PKW-Maut verursacht mehr Aufwand als Nutzen

Auch nach den veränderten Plänen für eine Pkw-Maut, die Bundesverkehrsminister Alexander Dobrindt heute (30.10.2014) in Berlin der Öffentlichkeit vorgestellt hat, steht die NRW-Wirtschaft dem Vorhaben weiter kritisch gegenüber. Die befürchteten negativen Auswirkungen auf den kleinen Grenzverkehr würden durch das veränderte Konzept zwar weitgehend abgewendet, „aber dafür stellt sich nun die Frage, ob der ganze Aufwand noch lohnt“, so Joachim Brendel, Verkehrsexperte bei IHK NRW. Er fordert deshalb, entweder auf die Einführung einer PKW-Maut gänzlich zu verzichten oder aber auch die zukünftig mit der Kfz-Steuer verrechnete Infrastrukturabgabe deutscher Kfz-Halter „zusätzlich in die Verkehrsinfrastruktur zu investieren“ und nicht für andere Zwecke zu nutzen. „Dann reden wir nicht mehr über einige hundert Millionen, sondern über 3,7 Milliarden Euro pro Jahr und damit eine Größenordnung, mit der man tatsächlich einen spürbaren Beitrag zur dringend erforderlichen Sanierung der Verkehrsinfrastruktur leisten könnte“, ergänzt Joachim Brendel.
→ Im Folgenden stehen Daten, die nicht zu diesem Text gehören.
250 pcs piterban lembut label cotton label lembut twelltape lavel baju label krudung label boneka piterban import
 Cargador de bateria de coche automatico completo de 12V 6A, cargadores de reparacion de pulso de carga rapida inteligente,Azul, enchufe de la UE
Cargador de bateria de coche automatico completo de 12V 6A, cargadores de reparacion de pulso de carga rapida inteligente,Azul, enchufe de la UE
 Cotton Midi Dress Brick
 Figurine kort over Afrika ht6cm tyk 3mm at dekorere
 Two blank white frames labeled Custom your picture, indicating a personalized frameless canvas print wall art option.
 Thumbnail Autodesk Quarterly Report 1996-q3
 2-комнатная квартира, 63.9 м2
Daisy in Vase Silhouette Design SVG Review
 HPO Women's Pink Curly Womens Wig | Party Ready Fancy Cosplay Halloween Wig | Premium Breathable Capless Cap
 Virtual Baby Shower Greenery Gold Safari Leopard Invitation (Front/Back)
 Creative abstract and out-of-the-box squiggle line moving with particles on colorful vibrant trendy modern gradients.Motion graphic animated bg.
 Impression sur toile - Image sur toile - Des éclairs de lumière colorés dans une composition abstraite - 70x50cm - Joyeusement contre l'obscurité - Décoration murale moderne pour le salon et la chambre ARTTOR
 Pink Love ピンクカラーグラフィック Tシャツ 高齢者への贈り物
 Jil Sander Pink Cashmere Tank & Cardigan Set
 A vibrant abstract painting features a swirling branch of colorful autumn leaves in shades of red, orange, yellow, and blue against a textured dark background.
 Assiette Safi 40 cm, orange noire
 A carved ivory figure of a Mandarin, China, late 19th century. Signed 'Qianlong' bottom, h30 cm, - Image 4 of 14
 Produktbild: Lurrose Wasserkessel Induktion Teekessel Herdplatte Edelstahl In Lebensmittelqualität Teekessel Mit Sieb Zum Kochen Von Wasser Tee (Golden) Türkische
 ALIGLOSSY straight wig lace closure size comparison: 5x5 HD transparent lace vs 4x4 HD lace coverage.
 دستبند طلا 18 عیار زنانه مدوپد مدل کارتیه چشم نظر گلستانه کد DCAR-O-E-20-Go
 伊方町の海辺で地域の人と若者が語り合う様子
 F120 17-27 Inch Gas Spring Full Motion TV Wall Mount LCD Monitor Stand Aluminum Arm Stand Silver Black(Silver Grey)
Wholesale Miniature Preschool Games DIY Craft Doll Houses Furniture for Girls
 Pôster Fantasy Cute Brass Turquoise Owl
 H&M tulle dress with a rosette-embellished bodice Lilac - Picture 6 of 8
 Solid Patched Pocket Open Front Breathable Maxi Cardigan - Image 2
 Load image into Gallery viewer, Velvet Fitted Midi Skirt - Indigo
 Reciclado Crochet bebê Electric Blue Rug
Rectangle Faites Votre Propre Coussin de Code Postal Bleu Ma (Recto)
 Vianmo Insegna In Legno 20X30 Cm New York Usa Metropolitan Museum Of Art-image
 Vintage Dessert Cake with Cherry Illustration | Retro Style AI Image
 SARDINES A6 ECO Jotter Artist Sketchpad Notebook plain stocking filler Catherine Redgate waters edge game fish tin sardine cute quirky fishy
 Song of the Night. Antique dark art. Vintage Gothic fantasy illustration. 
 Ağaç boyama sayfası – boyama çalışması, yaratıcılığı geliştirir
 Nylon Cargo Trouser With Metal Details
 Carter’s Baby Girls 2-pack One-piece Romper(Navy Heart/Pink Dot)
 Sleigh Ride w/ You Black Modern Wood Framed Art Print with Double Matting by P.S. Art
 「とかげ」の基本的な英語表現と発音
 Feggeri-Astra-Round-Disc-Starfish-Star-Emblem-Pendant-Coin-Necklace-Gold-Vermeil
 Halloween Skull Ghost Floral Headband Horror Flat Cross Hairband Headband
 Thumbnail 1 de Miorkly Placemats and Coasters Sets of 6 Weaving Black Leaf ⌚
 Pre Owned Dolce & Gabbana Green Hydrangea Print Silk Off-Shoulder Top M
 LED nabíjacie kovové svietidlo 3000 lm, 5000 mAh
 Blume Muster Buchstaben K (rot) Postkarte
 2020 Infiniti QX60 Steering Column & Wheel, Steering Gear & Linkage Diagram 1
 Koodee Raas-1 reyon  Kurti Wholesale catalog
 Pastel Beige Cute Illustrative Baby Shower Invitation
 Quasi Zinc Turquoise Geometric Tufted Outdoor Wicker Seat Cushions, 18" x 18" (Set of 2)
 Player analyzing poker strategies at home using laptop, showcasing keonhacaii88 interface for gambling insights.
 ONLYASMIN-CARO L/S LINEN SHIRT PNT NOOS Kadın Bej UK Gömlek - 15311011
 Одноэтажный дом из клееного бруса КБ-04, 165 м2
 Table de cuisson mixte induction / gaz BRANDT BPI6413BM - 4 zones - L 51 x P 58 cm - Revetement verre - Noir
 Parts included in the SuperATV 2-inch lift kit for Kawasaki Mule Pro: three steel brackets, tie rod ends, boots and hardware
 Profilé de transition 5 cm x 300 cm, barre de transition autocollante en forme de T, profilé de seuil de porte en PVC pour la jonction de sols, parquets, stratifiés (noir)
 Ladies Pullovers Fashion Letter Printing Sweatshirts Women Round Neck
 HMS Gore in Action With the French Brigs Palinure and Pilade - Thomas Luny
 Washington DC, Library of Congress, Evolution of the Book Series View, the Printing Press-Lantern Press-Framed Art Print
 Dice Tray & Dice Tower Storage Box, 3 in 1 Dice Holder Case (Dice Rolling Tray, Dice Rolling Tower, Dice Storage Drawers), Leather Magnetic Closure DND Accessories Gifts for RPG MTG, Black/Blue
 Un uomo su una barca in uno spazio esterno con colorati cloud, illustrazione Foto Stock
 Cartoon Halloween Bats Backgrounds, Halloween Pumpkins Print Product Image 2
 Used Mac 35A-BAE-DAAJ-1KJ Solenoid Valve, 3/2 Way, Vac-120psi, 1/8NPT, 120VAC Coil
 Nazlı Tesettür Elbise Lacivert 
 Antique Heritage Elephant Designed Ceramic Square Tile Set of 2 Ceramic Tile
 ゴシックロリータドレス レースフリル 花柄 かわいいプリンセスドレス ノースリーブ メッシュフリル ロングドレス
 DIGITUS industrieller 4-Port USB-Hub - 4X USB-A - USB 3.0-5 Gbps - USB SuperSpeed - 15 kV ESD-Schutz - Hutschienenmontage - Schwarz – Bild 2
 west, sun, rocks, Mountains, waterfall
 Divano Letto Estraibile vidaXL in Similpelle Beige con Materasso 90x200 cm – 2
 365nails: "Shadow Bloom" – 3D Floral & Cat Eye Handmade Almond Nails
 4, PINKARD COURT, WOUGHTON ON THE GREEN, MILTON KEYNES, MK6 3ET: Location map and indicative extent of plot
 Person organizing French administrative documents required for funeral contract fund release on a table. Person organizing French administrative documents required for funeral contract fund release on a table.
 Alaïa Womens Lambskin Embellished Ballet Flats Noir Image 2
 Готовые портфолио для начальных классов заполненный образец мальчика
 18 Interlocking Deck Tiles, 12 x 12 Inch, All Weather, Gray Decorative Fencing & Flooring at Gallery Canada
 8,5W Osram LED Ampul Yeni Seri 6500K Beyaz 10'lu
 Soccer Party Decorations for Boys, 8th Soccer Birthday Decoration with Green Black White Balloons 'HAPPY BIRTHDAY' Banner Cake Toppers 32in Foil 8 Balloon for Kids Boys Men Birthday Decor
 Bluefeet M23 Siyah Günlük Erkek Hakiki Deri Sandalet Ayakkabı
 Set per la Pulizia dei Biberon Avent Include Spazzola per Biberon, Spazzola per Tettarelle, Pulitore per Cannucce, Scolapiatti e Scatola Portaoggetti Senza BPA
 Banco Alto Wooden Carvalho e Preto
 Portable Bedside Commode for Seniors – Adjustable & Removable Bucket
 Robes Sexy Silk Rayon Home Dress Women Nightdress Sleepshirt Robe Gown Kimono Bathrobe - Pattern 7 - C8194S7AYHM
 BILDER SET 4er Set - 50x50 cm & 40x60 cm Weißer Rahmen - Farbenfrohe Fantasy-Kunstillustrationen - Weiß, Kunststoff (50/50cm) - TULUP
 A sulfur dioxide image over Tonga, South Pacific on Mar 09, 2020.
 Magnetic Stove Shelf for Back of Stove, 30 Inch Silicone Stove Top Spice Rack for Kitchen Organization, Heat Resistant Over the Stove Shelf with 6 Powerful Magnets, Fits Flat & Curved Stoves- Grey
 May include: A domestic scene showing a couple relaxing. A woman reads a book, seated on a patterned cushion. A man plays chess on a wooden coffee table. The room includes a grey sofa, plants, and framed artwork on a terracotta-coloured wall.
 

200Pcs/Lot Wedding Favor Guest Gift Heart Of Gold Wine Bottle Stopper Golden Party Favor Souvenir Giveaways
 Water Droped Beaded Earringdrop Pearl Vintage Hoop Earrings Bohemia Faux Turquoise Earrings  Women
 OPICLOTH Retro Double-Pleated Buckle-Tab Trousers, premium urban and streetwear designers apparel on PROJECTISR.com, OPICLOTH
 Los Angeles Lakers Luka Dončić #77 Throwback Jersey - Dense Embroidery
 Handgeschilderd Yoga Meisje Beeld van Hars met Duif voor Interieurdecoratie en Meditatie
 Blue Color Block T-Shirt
Brendel äußert zudem erhebliche Zweifel, ob die ausländischen Autobahnnutzer tatsächlich die von Dobrindt aktuell veranschlagten Nettoeinnahmen von 500 Millionen Euro pro Jahr einbringen. Die jetzt von Dobrindt genannte Summe liegt nur unwesentlich unter dem, was im ursprünglichen Konzept eine Mautpflicht auf allen Straßen einbringen sollte. „Das ist nicht nachvollziehbar“, so der IHK-Verkehrsexperte.